> [Information supplied]
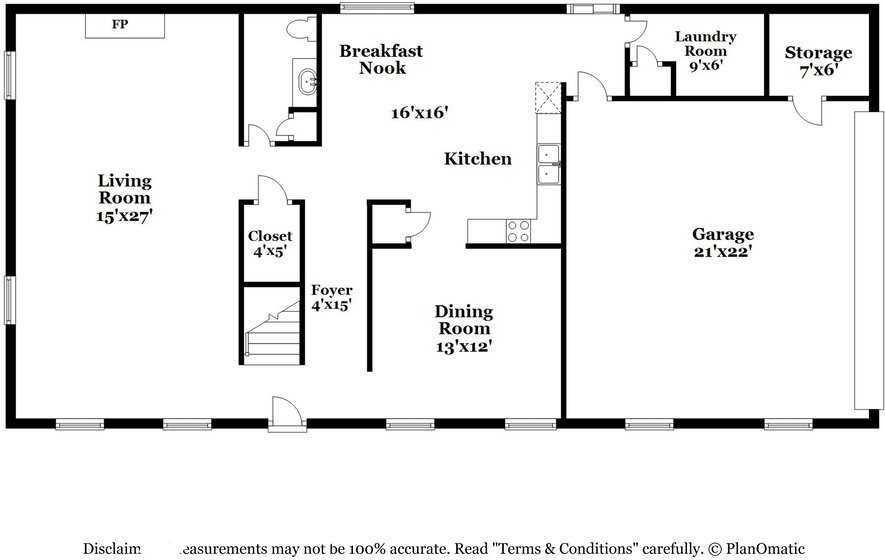 1446 Lacewing Trace Cv - Photo 3 of 17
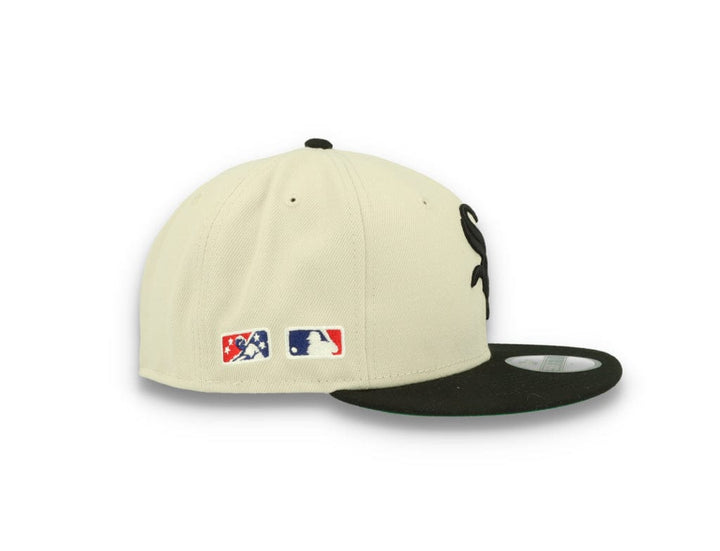 59FIFTY Chicago White Sox Farm Team Stone - LOKK
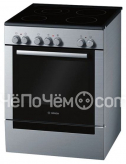 Кухонная плита BOSCH hce 633153 r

> [Aim of the exercise]
Repeat the material line for line. Pictures stay out of the copy.

> [Result of this exercise]
 1446 Lacewing Trace Cv - Photo 3 of 17
 59FIFTY Chicago White Sox Farm Team Stone - LOKK
 Кухонная плита BOSCH hce 633153 r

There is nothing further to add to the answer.